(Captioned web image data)
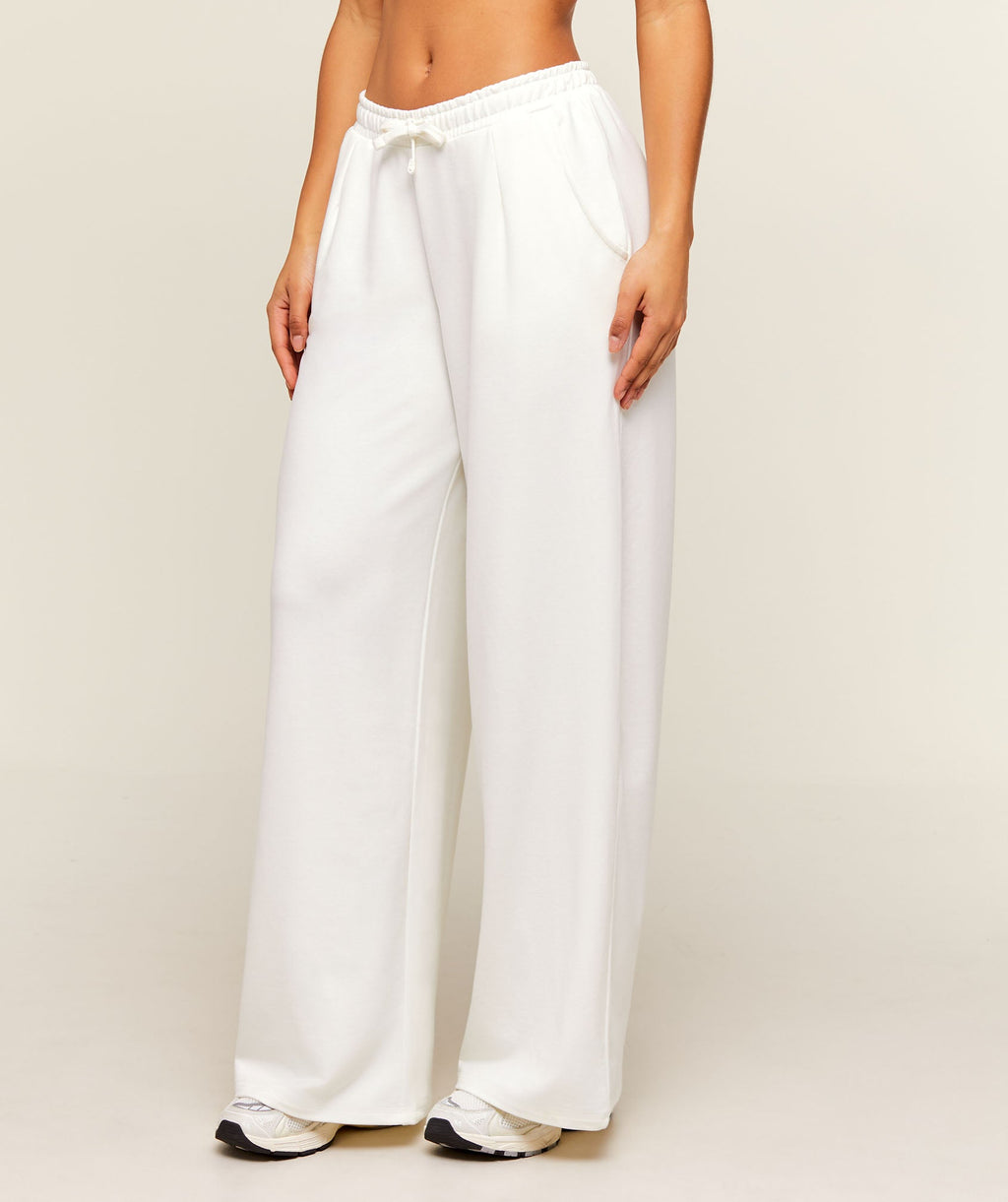 Lightweight Wide Leg Pant Tall - Soft White — imagem 4
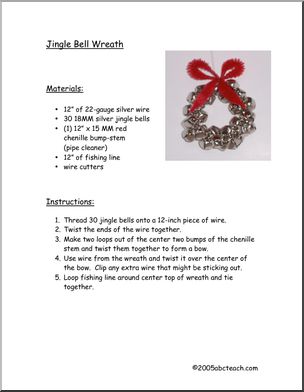 Craft: Holiday Jingle Bell Wreath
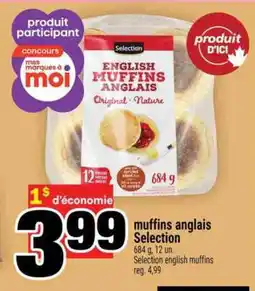 Super C MUFFINS ANGLAIS SELECTION offer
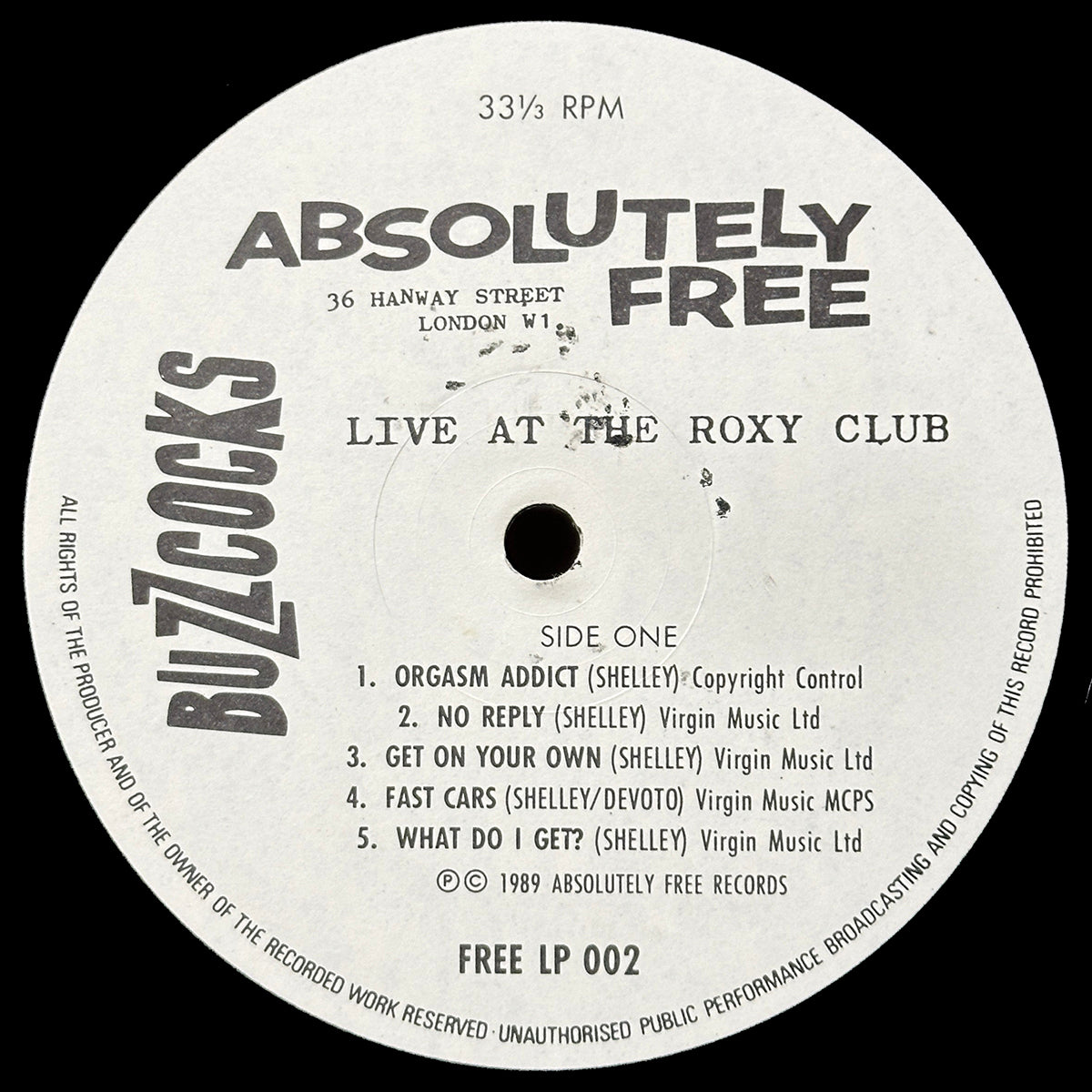 Live At The Roxy Club - April '77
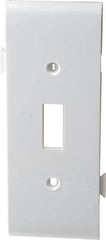 Pass & Seymour - 1 Gang, 4.9062 Inch Long x 1-13/16 Inch Wide, Sectional Switch Plate - Toggle Switch Center Panel, White, Nylon - Best Tool & Supply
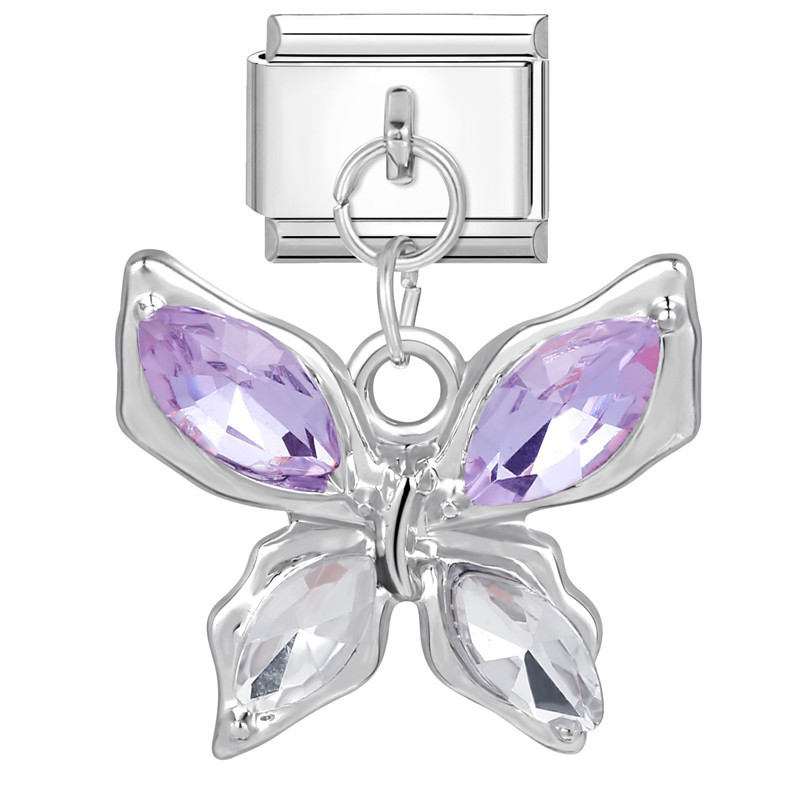 YWXH-31-Fond en acier-papillon violet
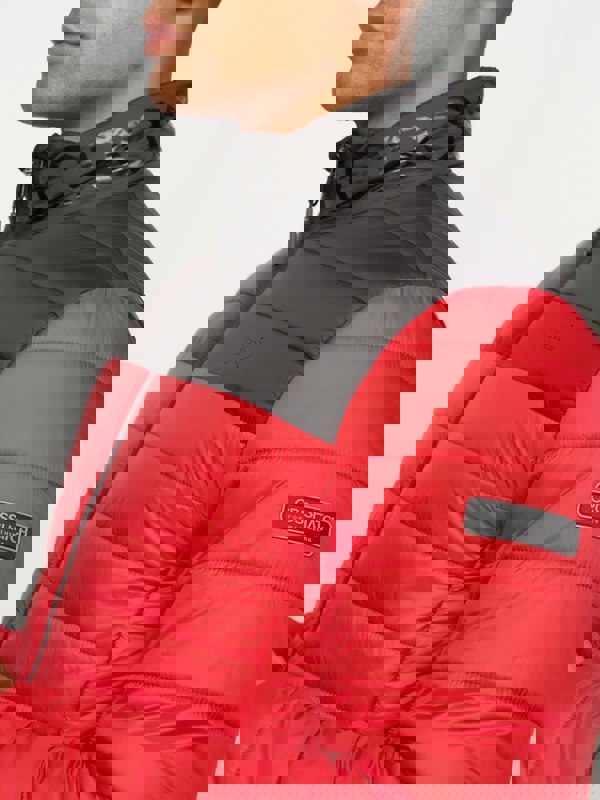 Crosshatch Presnell High Neck Jacket Red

● **ABOUT THIS EXERCISE**
Images stay out, but the rest of the data above must be repeated exactly.

● **COMPLETED EXERCISE**
 Lightweight Wide Leg Pant Tall - Soft White — imagem 4
 Craft: Holiday Jingle Bell Wreath
 Super C MUFFINS ANGLAIS SELECTION offer
 Live At The Roxy Club - April '77
 Pass & Seymour - 1 Gang, 4.9062 Inch Long x 1-13/16 Inch Wide, Sectional Switch Plate - Toggle Switch Center Panel, White, Nylon - Best Tool & Supply
 YWXH-31-Fond en acier-papillon violet
 Crosshatch Presnell High Neck Jacket Red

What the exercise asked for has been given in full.